As in his mysteries, Mankell begins with a death -- a murder, most likely -- and as we read on, it turns out that the victim is Nelio, a 10-year-old boy. This is no whodunit, though, for Mankell is more concerned with the whys of how this leader of street kids came to be shot; the who is of marginal importance.
It also turns out that Nelio is the main character in the story as it's told by Jose Antonio Maria Vaz, a young bakery worker who flashes back to the last nine days of Nelio's life as he lies dying.
This is no ordinary 10-year-old, however. In fact, it would be wrong to call him a victim; part of Mankell's point is to call attention to the bravery and fortitude of a boy who would rather die than become part of a killing machine.
The story takes place in an unnamed African city where Nelio has fled during a civil war in which bandits opposed to the rebel government have massacred Nelio's fellow villagers. He's drafted by the ragtag army and ordered to kill another boy as part of his initiation. Instead, he turns the gun on the man who gave him the order and flees.
It would have been an easy matter for Mankell to make this a straightforward exposé of the ravages of civil war in Africa, yet the voice is not that of a journalist, but of a writer in search of metaphor and meaning.
The tone borrows from African magical realism -- Amos Tutuola comes to mind -- but only in terms of how Nelio and the other characters see the world. It doesn't take much reading between the lines to sense that Mankell has the skepticism of Western rationalism, and the difference between his outsider status and the Africans' more metaphysical acceptance of things makes for an elusively compelling narrative voice.
Take this example: ``Nelio would remember the feeling of floating through time. It's possible to fly without visible wings, he thought. The wings are inside us, if we're privileged to see them."

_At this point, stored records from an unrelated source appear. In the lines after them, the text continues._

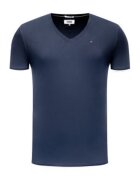 Tommy Jeans Tricou barbati - bleumarin - 100% bumbac -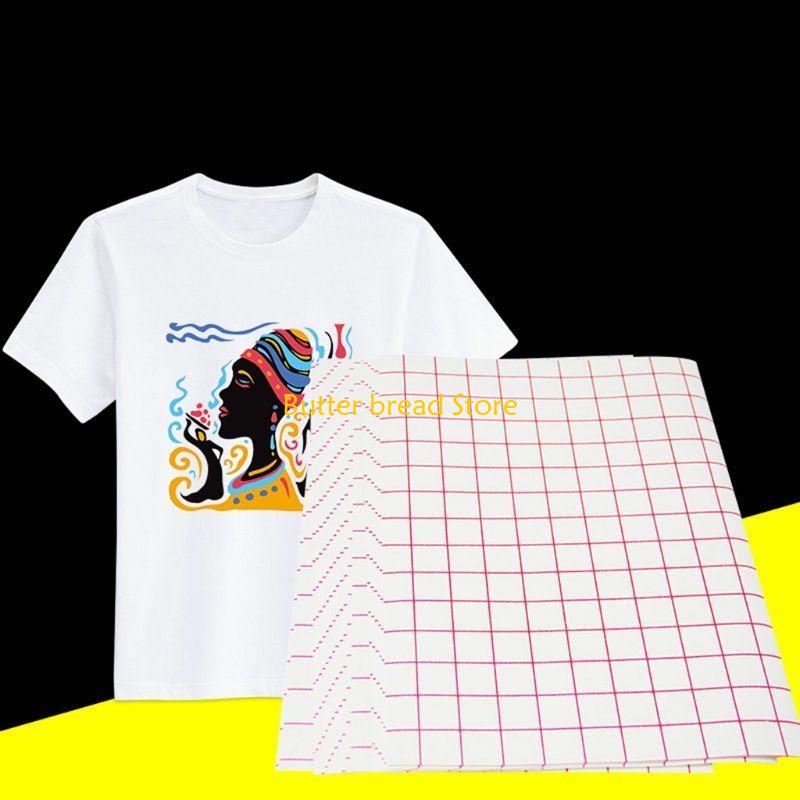 W89C 10 Pcs Sublimation Heat Transfer Paper for Polyester Cotton T-Shirt Cushion Cloth Phone for Case Printing Design Easy to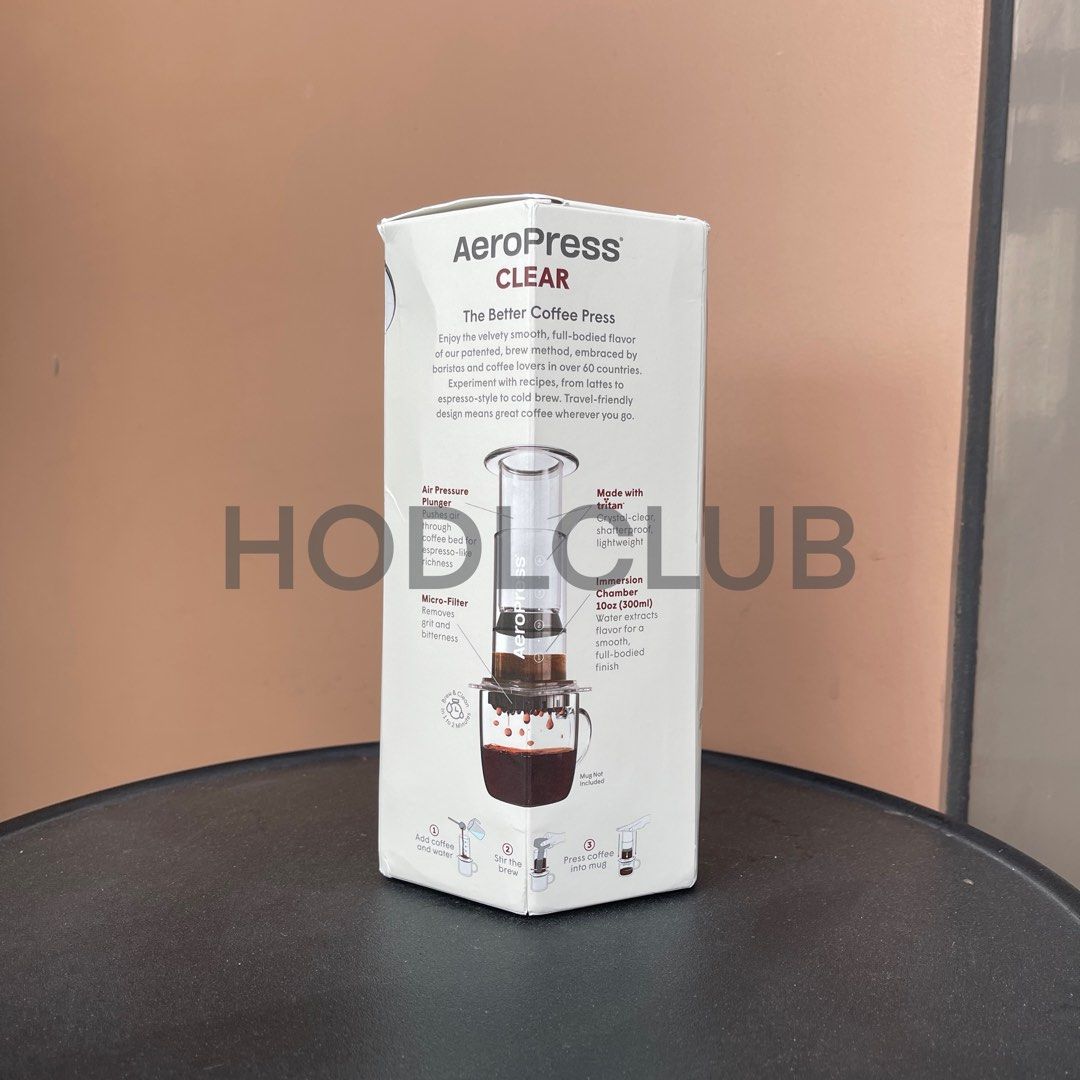 AeroPress Clear Coffee Press (Category: Coffee Machines & Makers) located in Manila. Submitted by hodlclub (Listing ID 1352038995, Image 2). Description: Brand new and sealed Original from USA 🇺🇸.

Nelio's ability to imagine a better world than the one he lives in makes him a Peter Pan of the street kids and even a role model for anyone who doesn't want to live a life in fear.
But Mankell is not James Barrie . He doesn't flinch from telling us there's a price, perhaps a mortal one, for standing up to authority.
Is Nelio's death worth it, then? Perhaps the most frustrating part of reading ``Chronicler of the Winds" is that Mankell is willing us to that conclusion rather than really convincing us.
Part of the problem is the sameness to the descriptions of Nelio's and Jose's lives, which doesn't allow for much change from chapter to chapter. At 233 pages it isn't a long book, but it might have worked better as a novella at half the length.
Still, Mankell's handling of the material is admirable. ``Chronicler of the Winds," like the Inspector Wallander mysteries, covers pretty bleak territory and never succumbs to sentimentality. But Jose walks away from Nelio's death with more than a ray of hope and inspiration. So do we.